Neben der Ruhemasse m0 kann man aber auch eine dynamische Masse m aus der Formel E = mc² definieren, indem man diese dynamische Masse einfach mit der Masse gleichsetzt, die ein ruhendes Teilchen besitzt, das die gleiche Energie E hat. Wenn man stattdessen die Energie eines bewegten Teilchens aus seiner Ruhemasse m0 bestimmen will, braucht man den "relativistischen Pythagoras" mit dem Impuls p:

E² = (m0 c²)² + (pc)²

Für p = 0 (Teilchen in Ruhe) reduziert sich das auf E = m0 c². Zusammengefasst kann man also sagen: Ein Photon hat die Ruhemasse m0 = 0 und eine dynamische Masse m > 0, ein Elektron hat Ruhemasse m0 > 0(und eine dynamische Masse m >= m0.
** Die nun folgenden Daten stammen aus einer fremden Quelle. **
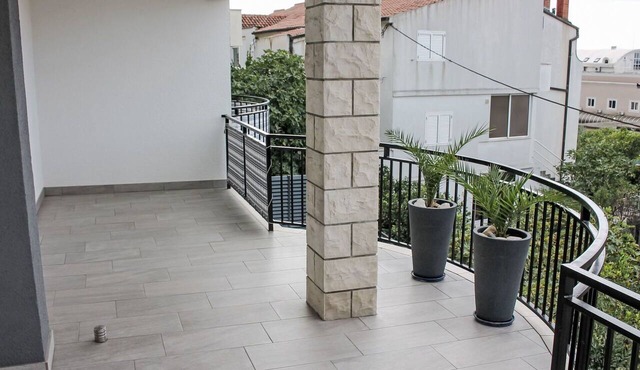 Nice apartment for 4 guests with A/C, WIFI, TV and balcony in Makarska
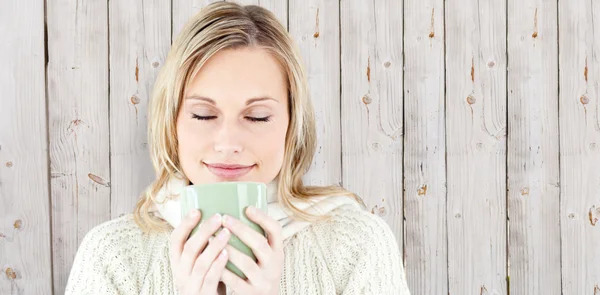 Gelukkige vrouw genieten van een warme koffie staande — Stockfoto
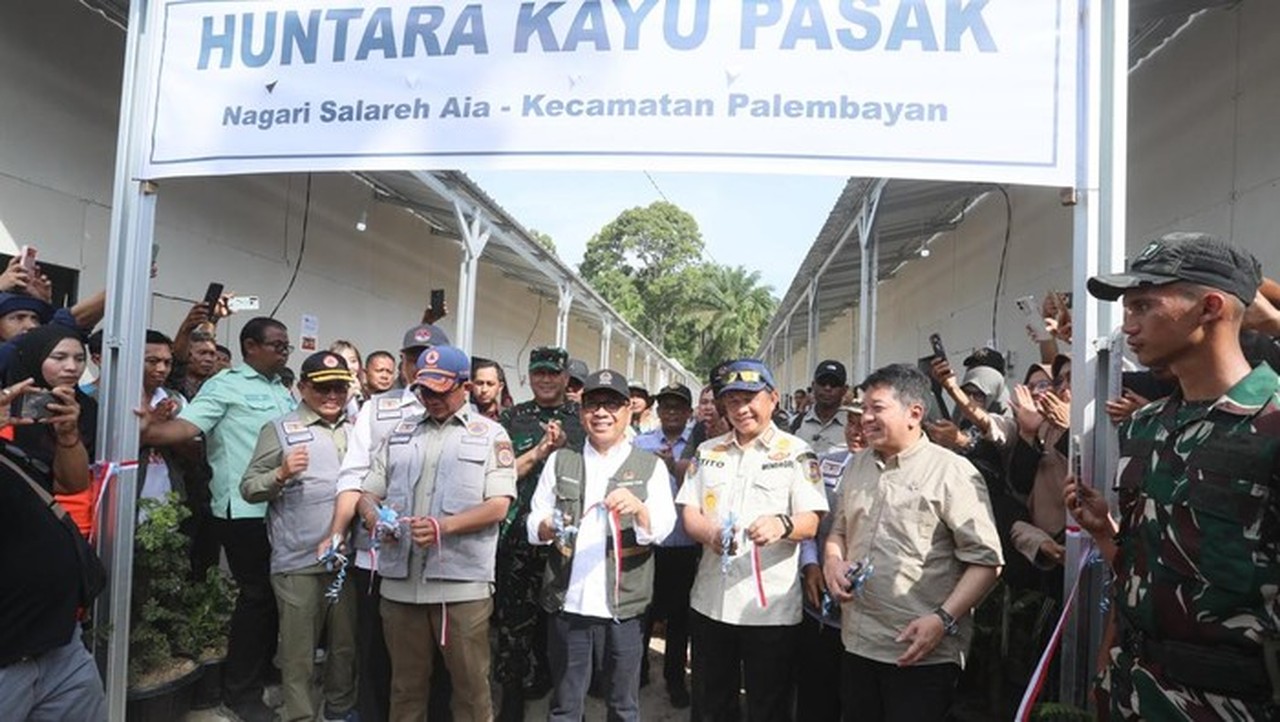 Resmikan Huntara di Agam, Tito Karnavian Pastikan Percepatan Bantuan dan Validasi Data Korban Bencana Resmikan Huntara di Agam, Tito Karnavian Pastikan Percepatan Bantuan dan Validasi Data Korban Bencana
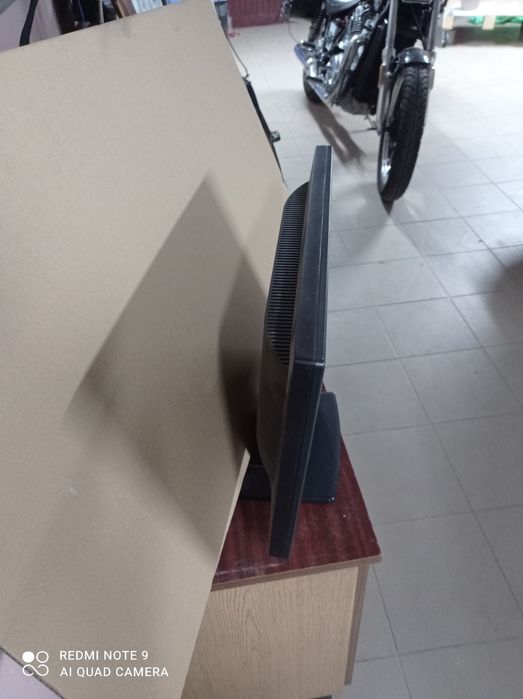 Monitor Hyundai do komputera 19 cali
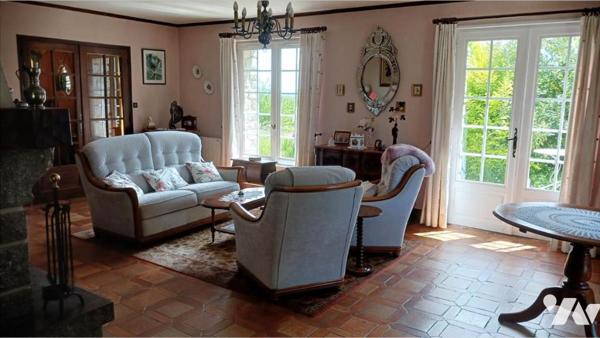 Autonomie complète de plain-pied. Pavillon avec petite vue sur la Mer et la Hougue sur 2.339 m² de t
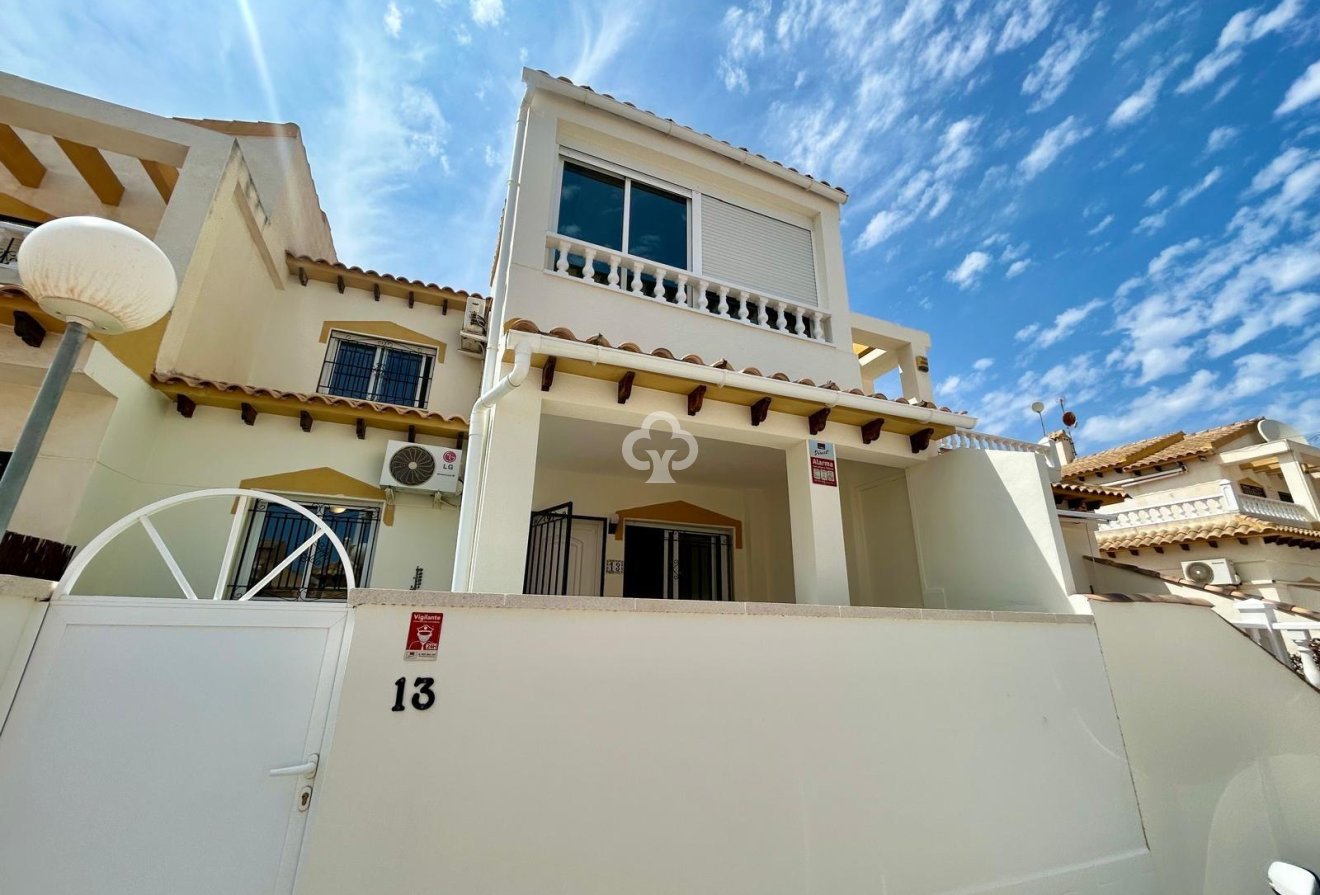 Resale - Terraced house -
Orihuela - Urbanización Perla del Mar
Wenn man sich (zunächst einmal ganz klassisch) die Feldgleichung des Elektrons anschaut (auch bekannt als Dirac-Gleichung), dann stellt man fest, dass die Ausbreitung des Elektronenfeldes stets innerhalb des Lichtkegels stattfindet, d.h. die Lichtgeschwindigkeit ist die obere Grenze für die Ausbreitung des Elektrons. Die Lichtgeschwindigkeit selbst kann das Elektron allerdings nicht erreichen.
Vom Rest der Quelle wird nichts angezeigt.